§ **Activity**
Retype nothing except the lines below from the one with "You'd scarce expect one of my age" through the one with "Bài 4. Trung du Bắc Bộ", exactly, with images left out.

§ **Exercise input**
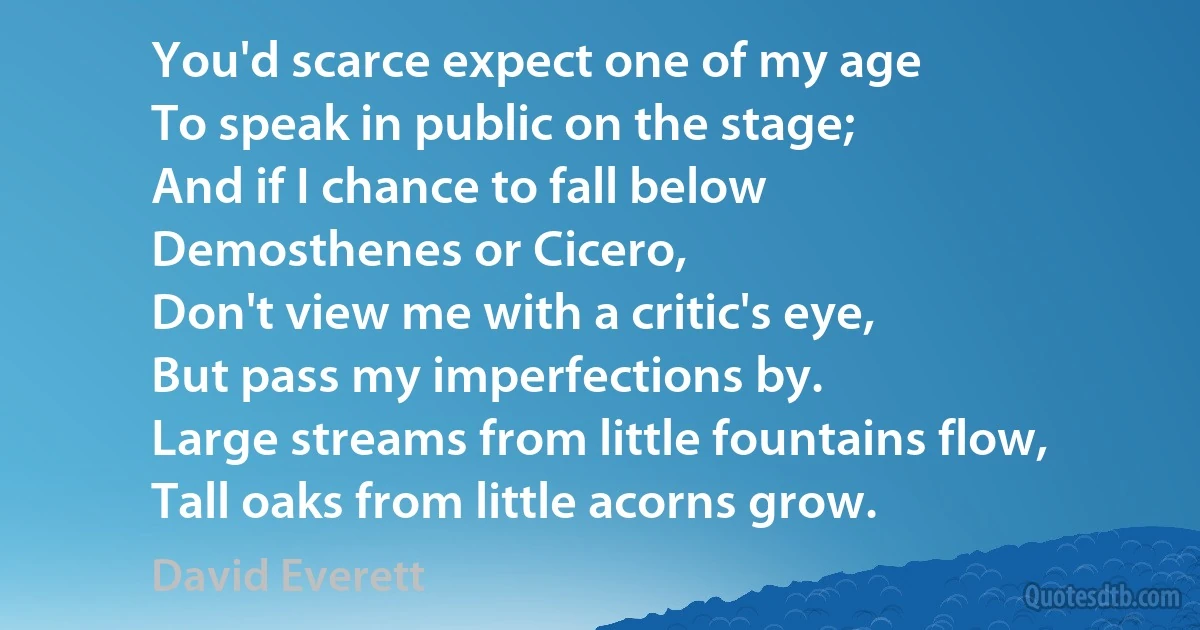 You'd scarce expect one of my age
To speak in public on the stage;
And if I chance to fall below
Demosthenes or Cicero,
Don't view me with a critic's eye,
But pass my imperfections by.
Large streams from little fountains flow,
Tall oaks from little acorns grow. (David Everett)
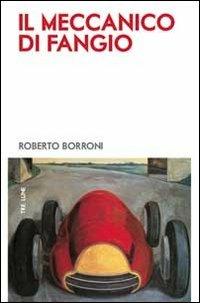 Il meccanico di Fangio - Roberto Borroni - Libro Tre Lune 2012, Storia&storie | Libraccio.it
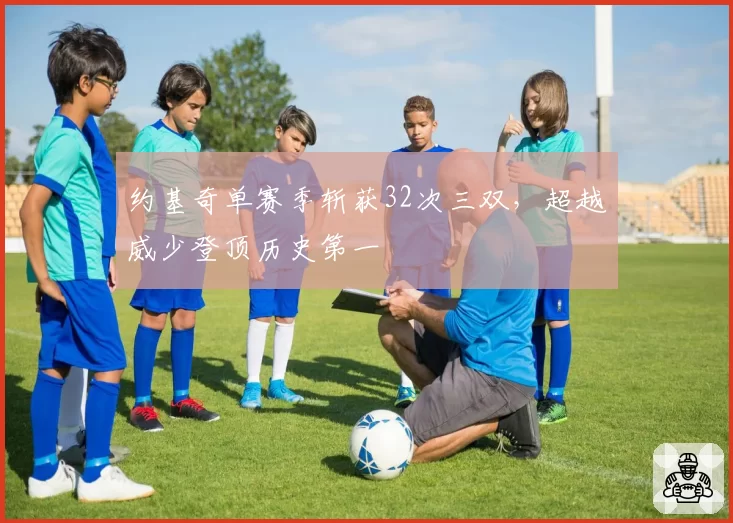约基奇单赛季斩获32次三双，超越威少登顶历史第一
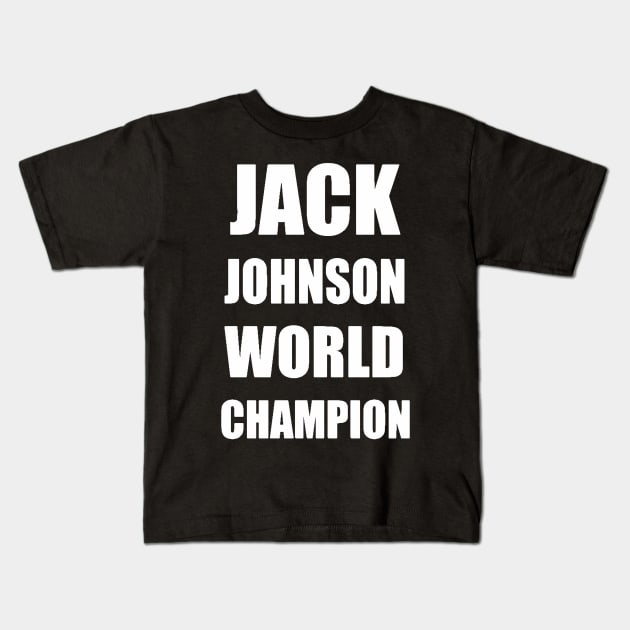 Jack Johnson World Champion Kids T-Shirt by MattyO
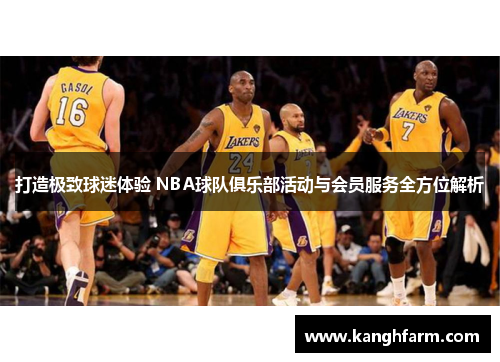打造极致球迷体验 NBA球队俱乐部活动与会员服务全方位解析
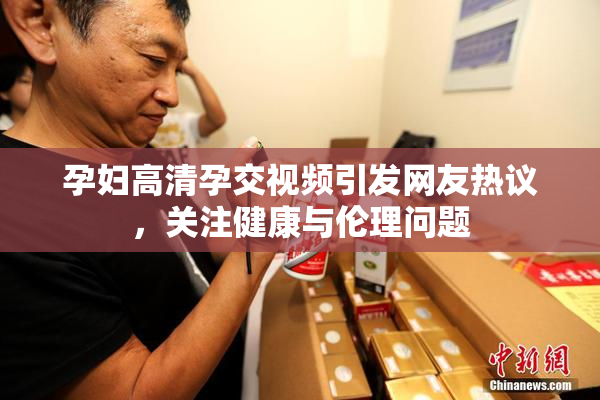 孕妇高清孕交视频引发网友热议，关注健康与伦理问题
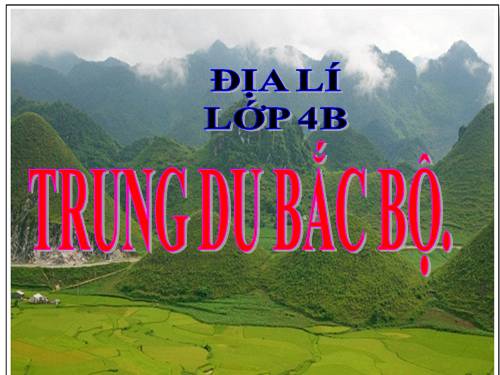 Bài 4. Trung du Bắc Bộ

* * *

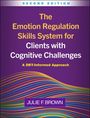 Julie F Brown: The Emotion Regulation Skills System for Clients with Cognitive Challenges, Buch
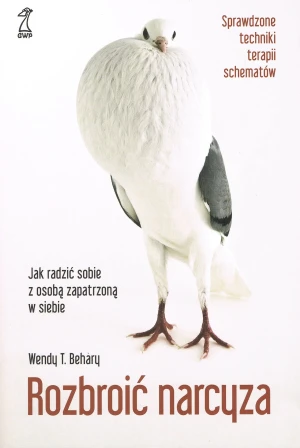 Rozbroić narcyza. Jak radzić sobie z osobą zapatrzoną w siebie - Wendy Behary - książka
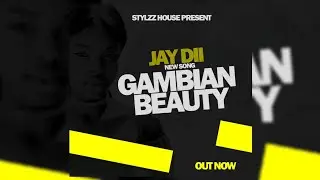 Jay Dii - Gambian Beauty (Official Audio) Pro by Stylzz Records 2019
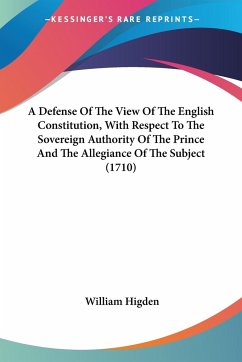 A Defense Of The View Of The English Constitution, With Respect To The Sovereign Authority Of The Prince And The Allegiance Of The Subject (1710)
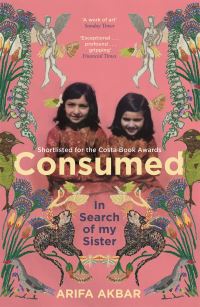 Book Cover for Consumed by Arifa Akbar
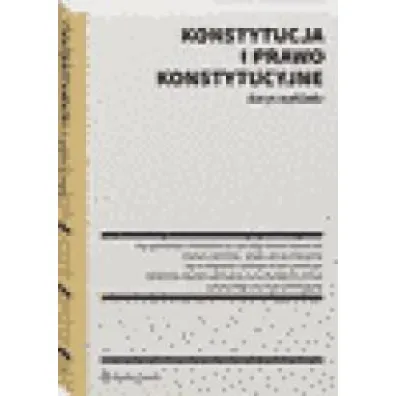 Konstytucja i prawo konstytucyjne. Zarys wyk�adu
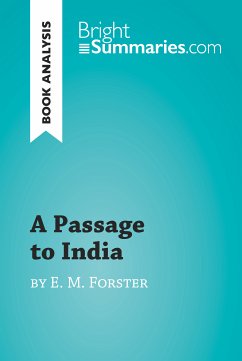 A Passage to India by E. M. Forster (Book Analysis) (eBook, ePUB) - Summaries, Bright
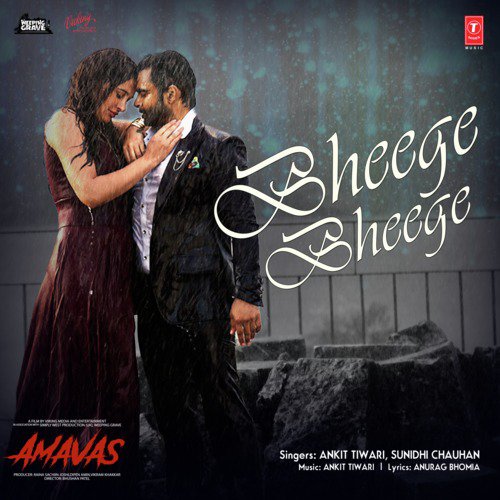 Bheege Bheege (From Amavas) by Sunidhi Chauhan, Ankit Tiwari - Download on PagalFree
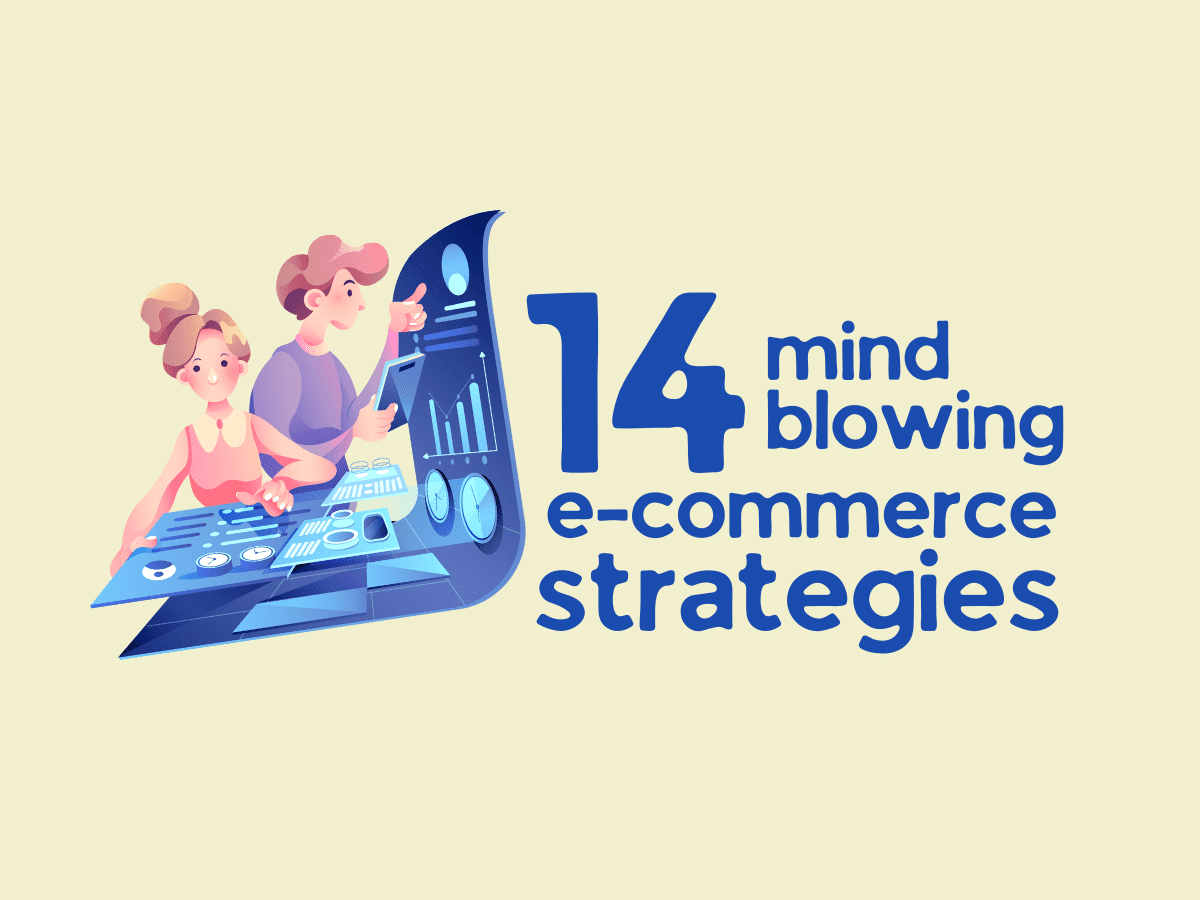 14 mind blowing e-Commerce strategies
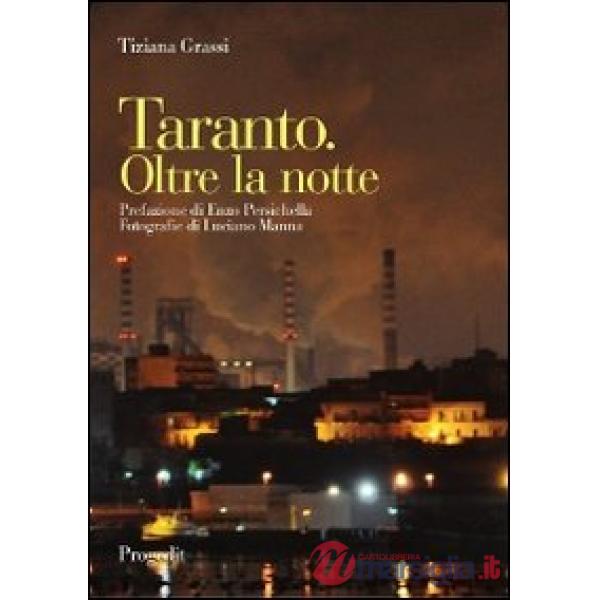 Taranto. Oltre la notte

§ **Task output**
 You'd scarce expect one of my age
To speak in public on the stage;
And if I chance to fall below
Demosthenes or Cicero,
Don't view me with a critic's eye,
But pass my imperfections by.
Large streams from little fountains flow,
Tall oaks from little acorns grow. (David Everett)
 Il meccanico di Fangio - Roberto Borroni - Libro Tre Lune 2012, Storia&storie | Libraccio.it
约基奇单赛季斩获32次三双，超越威少登顶历史第一
 Jack Johnson World Champion Kids T-Shirt by MattyO
打造极致球迷体验 NBA球队俱乐部活动与会员服务全方位解析
 孕妇高清孕交视频引发网友热议，关注健康与伦理问题
 Bài 4. Trung du Bắc Bộ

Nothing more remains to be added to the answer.